There comes a time for some of us when we self identify more strongly with our soul or Observer self or individual awareness then we do with our physical body. This was the goal of the great religions, for the individual self awareness or ego to identify itself as soul or nonphysical and immortal. This is what was meant by the phrase “to be born again”. This stage of ego development had clearly defined characteristics that were unmistakable. For the person who had achieved this state of development they no longer felt the burden of an earthly existence. They no longer fought against earthly things, because those earthly things no longer had power over them. They were not disturbed by the inconveniences of life, because they only lived in the spirit world feasting on spiritual food. They were preoccupied with thought and spiritual things. They gulped down food like animals hardly knowing or caring what they ate or drank. They were always living in their heads.
Compare this view of life to that of the rational atheists. The rational atheists struggled mightily against the forces of nature and the hardships of the physical world. Their entire life centered around surviving and living as comfortably as possible. They made great strides in the evolution of humanity and its ability to adapt to changing physical circumstances. It was only at the last minute that they recognized the power of the mind and turned their backs on the physical world as well. But life that is turned away from the physical world no longer draws any nourishment from nature and is therefore no longer life, but thinking!
But try as they might, the thinking of the rational atheists was not the same as the lofty spiritual and imaginative thinking of the social enforcers. What the rational atheists sought was the true life and the true enjoyment of life!
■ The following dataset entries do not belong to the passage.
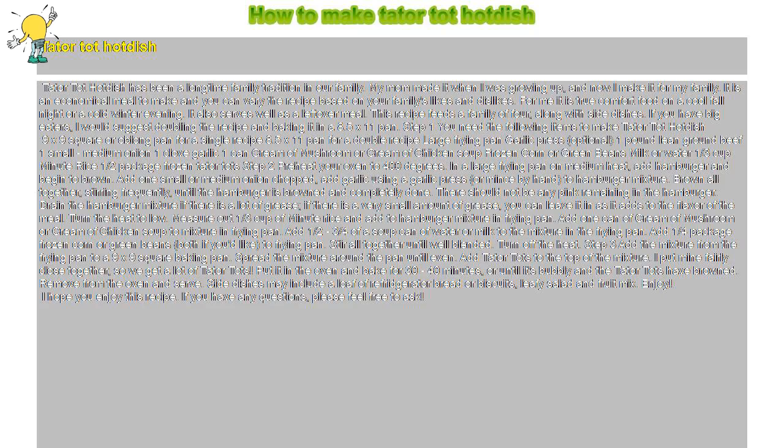How to make tater tot hot dish? Tater tot hot dish has been a long time family tradition in our family.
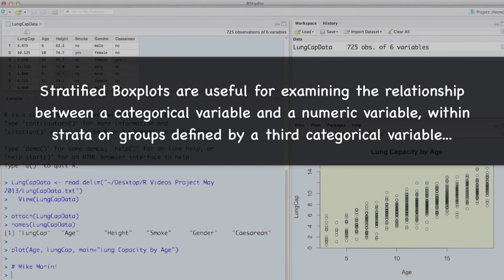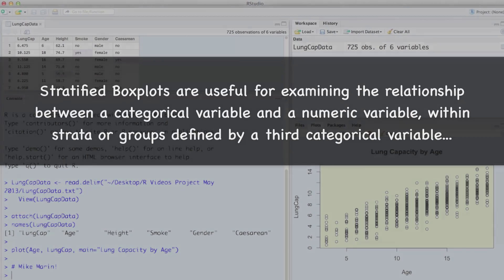Stratified boxplots are useful for examining the relationship between a categorical variable and a numeric variable within strata or groups formed by a third variable that's categorical.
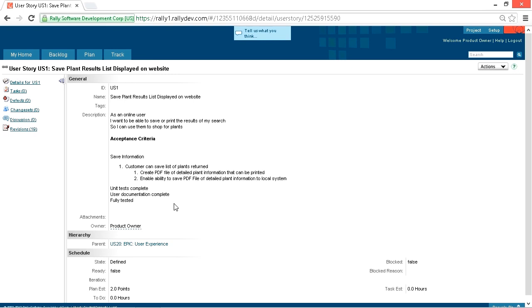So remember, the S in the INVEST guideline stands for small or sized appropriately. The quality of a user story is definitely enhanced by keeping it small.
What they thought of was the importance of good health, beauty, wealth and social pleasures.
But what the rational atheists sought for the most, now called the Stoics, was wisdom and life with a practical philosophy. They wanted a calm and placid unmoving life, one that ran smoothly without fear and without excitement. That was the best that the Stoic could come up with, since they could not get rid of the world even though they spent their entire lives rebelling against it. The furthest they got was to deaden their senses and become numb to life. Yet this doctrine of repelling the world and asserting oneself against the world was not a doctrine of spirit. They could not attain the level of separation from the earth that the social enforcers enjoyed.
It was the social enforcers, now called the skeptics, that truly made the break away from the physical world. They felt that any connection to worldly things was worthless and that earthly emotions and thoughts held no truth. The world was neither bad nor good, neither beautiful nor ugly, but only what man makes of it. There was no longer any truth to be recognized. It was all contradictory. What one person called good another called bad and the only way out of the paradox was to leave the deceptive world behind and pay no attention to it.